I looked around my apartment the other day and thought "Five years ago I didn't own 99% of this stuff. Maybe I should get rid of all this and move into my best friend's spare bedroom for a while." And the thought of being without all this stuff made me feel lighter. And I looked around and thought "What if I really used up everything I have? Wore it out, loved it to death, dragged it in the dirt, slept with it at night? What if I got less stuff by using it?" (I never said I was the most original thinker) and then "What if I stopped being so scared of being without, or using the last of something, or the idea that I might be without something I "need"?"
And my immediate kickback was "You're so crazy. These schemes are so extreme. Get rid of all your stuff, hah. You would regret it. It wouldn't be as awesome as you think it will be." And that last sentence tipped me off. I knew that voice wasn't my own voice. It was the voice of an inner critic long nurtured by me and other people. And for literally the first time in my life I talked back. "You don't know what's best for me.

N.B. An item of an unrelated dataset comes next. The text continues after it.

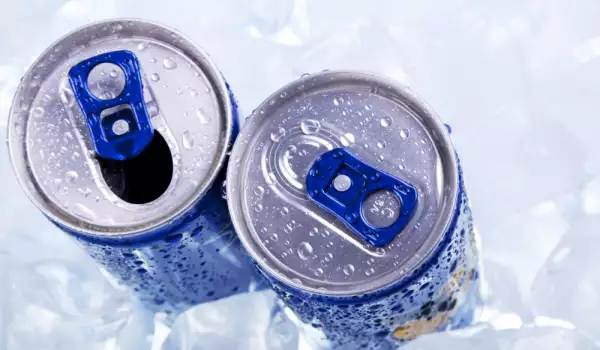 Două băuturi energizante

I know what I want, and I can trust myself to monitor whether or not something is a good idea for me. So fuck off."
For a long time, I wanted to live in the small town in which I now reside. And for a long time, that inner critic said "You'll be bored. Living near your family won't be as nice as you think. You're romanticizing everything. It won't be as good as you think it will be." And I listened. I tried to convince myself that I didn't actually want to live here, I only thought I did because... well because I obviously don't know my own mind and am not capable of having realistic or fulfilling dreams in life.

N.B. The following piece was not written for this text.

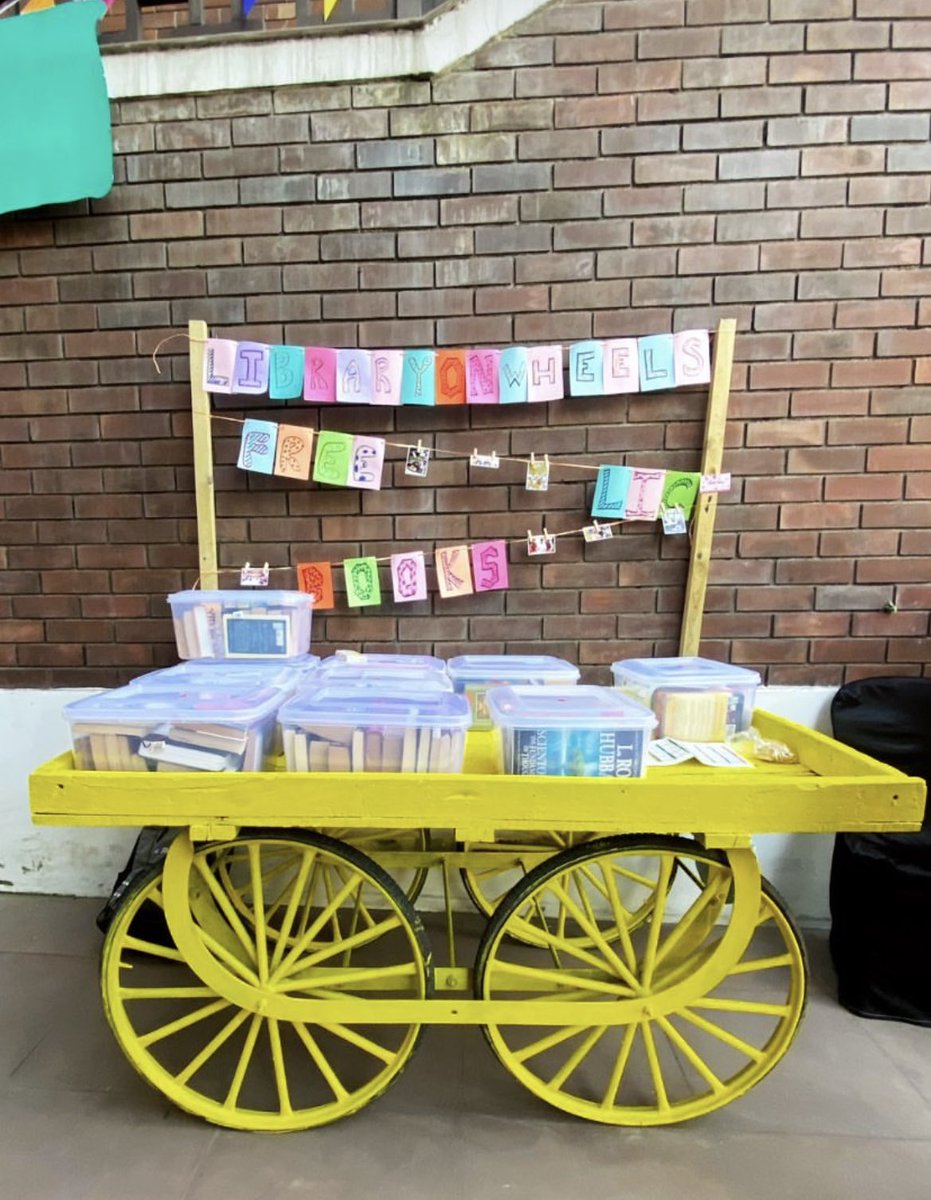 vidlitfest's tweet photo. Library on wheels at #VLF23! 📚✨ https://t.co/XXiaL4qZn5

But then. Then I was divorced and needed somewhere to live to rethink what I was going to do with my life, now that all my future plans were dead. So I moved to this little town. And it's everything I dreamed it would be. Living near my family is so fun. Seeing my cousins is lovely. People flock to me for voice lessons (it's no exaggeration). The community theatre has welcomed me with open arms. And it's everything I feared it would be. Making friends in a small town and with COVID has been very hard. Living near my family is hard sometimes. Many of the people I've met here like slow, quiet, certain lives. Which is beautiful, but not what I want for my own life. There's drama galore, and a beautiful sense of community and warmth which is often lacking in the city. I hate having to drive my car everywhere. People don't hire me for jobs because of my level of education. So yeah, I don't think I'm going to live here for the rest of my life. But moving here was one of the best things I've done and, I think, a giant step for Beth-kind in trusting that I can make the decisions for me.

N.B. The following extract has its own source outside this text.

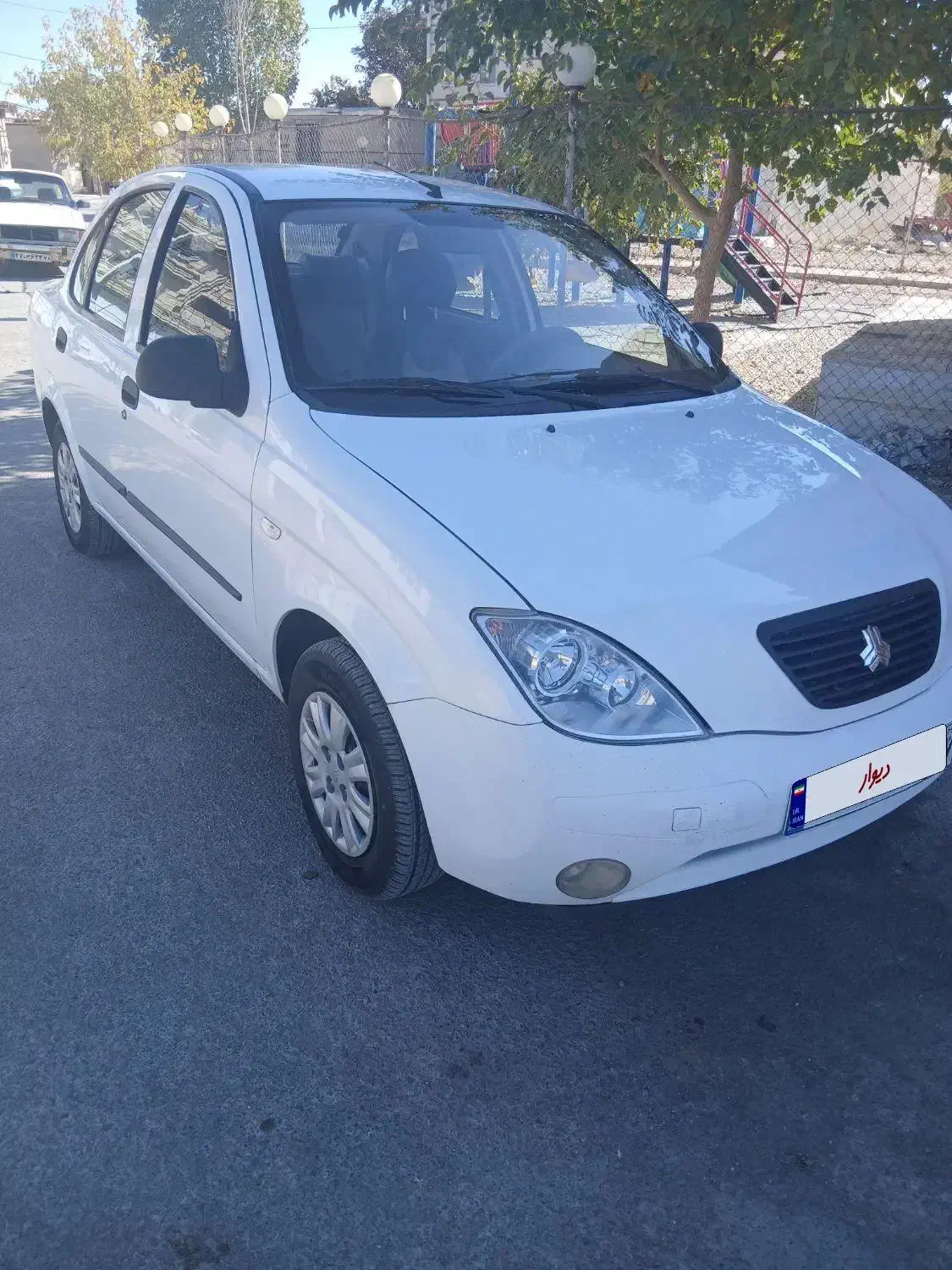 تیبا ۹۸دوگانه بی رنگ سالم|خودرو سواری و وانت|رزن, |دیوار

And the longevity of my desires doesn't make them less valid. Things don't have to last forever for them to be a good idea. I can get married young and then get divorced ten years later and still believe the relationship was not a mistake or a waste of time, but in fact a very good use of my time and a success. I can move around and never live anywhere for long, but the fact that I eventually move on doesn't mean that living somewhere was a mistake. I've moved so much in my life that it really doesn't phase me to contemplate a new city. I get itchy. And I've always tried to quash that feeling, but maybe I need to embrace it instead. Maybe I just need to listen to myself.
So I'm trying to find that inner Knowing that Glennon talks about so beautifully. And I'm finding flashes of it when I can get past all the learned helplessness, the second-guessing, and the belief that I'm just not someone I should take seriously. I look to people I've known who've been single for a long time and admire their decision-making skills. I look to myself and realize that I need to cut myself a little slack. I'm doing okay, I can trust myself, I'll know when it's the right time to move or not more, or change jobs or not change jobs. I know myself better than I think I do.